* [Activity]: Repeat the listing below verbatim, without its images.

* [Supplied information]:
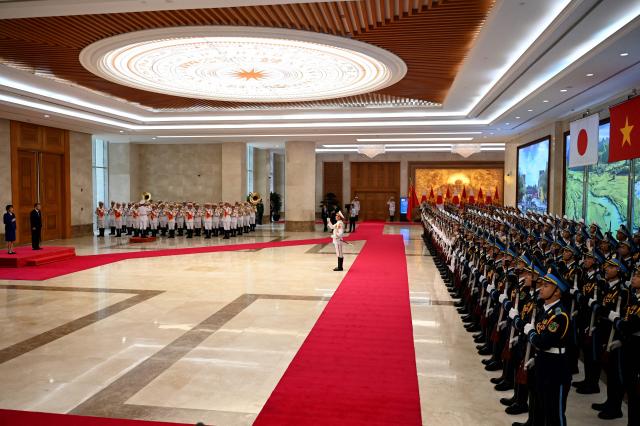 Vietnam's Prime Minister Le Minh Hung (L) and Japan's Prime Minister Sanae Takaichi (2nd L) review a guard of honour during a welcoming ceremony at the Government Office in Hanoi on May 2, 2026. (Photo by Nhac NGUYEN / POOL / AFP)
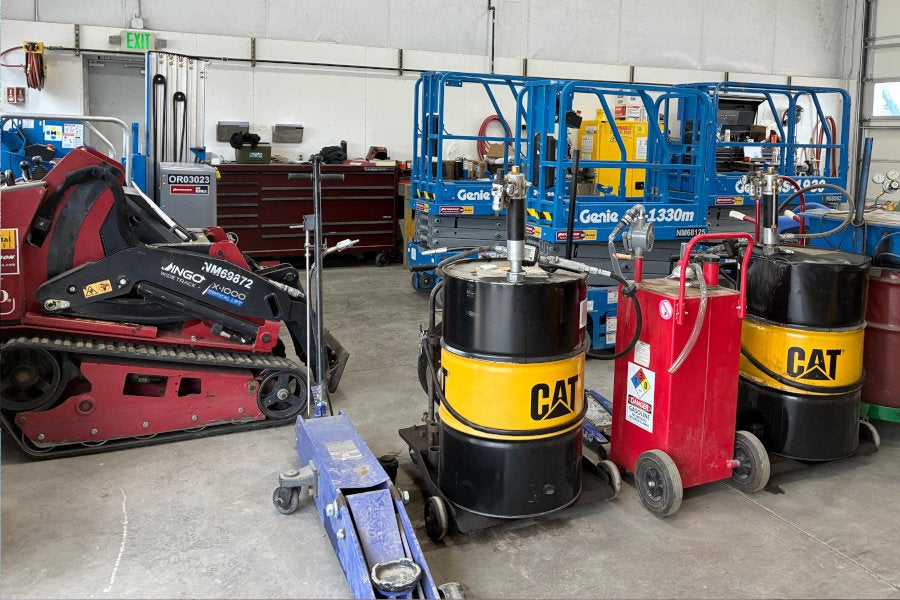 A toro stand-on loader and multiple Genie scissor lifts in the Redmond rental maintenance shop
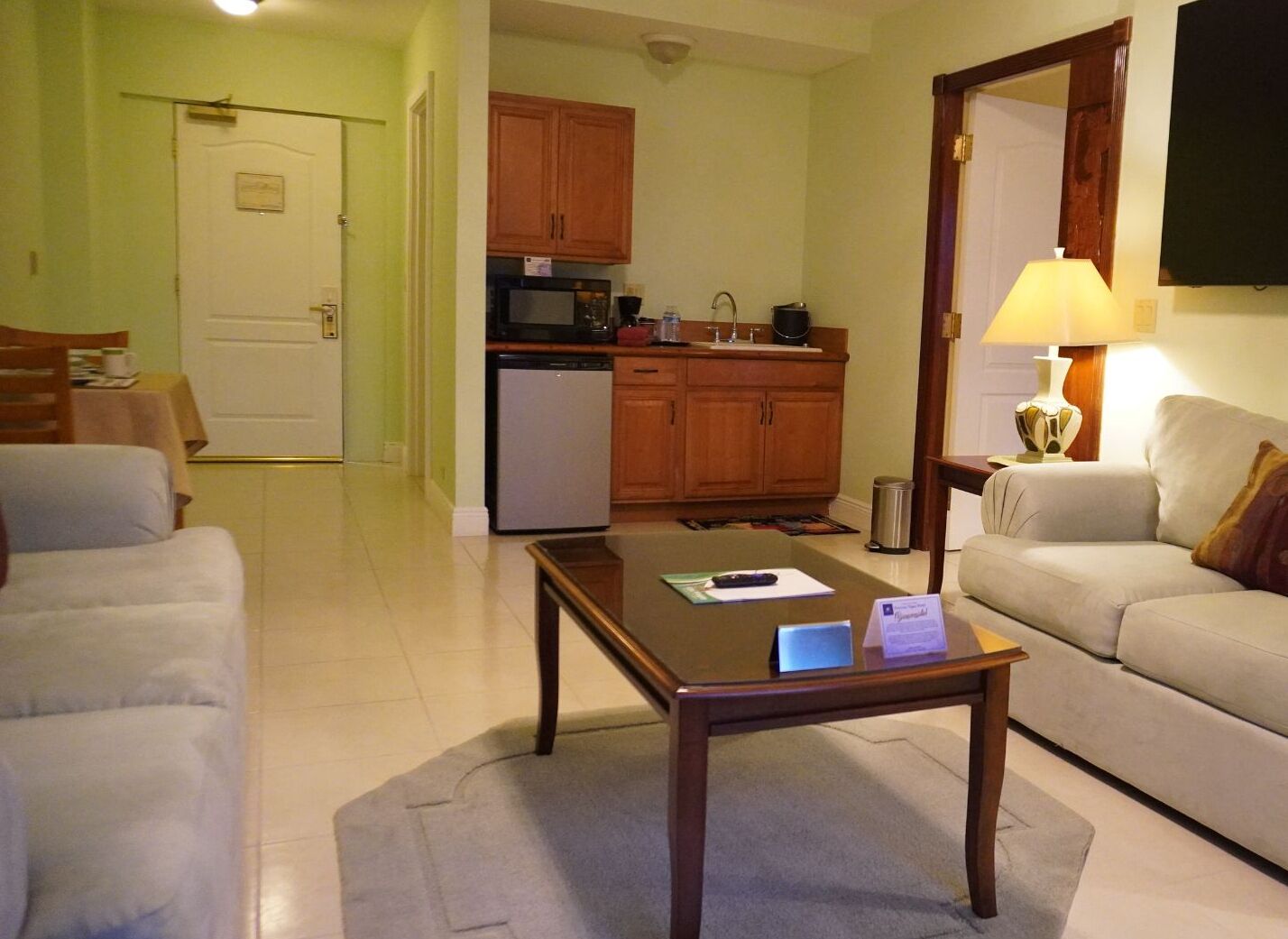 A living room with a sofa, a coffee table, and a kitchen area with wooden cabinets and appliances.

* [Expected answer]:
 Vietnam's Prime Minister Le Minh Hung (L) and Japan's Prime Minister Sanae Takaichi (2nd L) review a guard of honour during a welcoming ceremony at the Government Office in Hanoi on May 2, 2026. (Photo by Nhac NGUYEN / POOL / AFP)
 A toro stand-on loader and multiple Genie scissor lifts in the Redmond rental maintenance shop
 A living room with a sofa, a coffee table, and a kitchen area with wooden cabinets and appliances.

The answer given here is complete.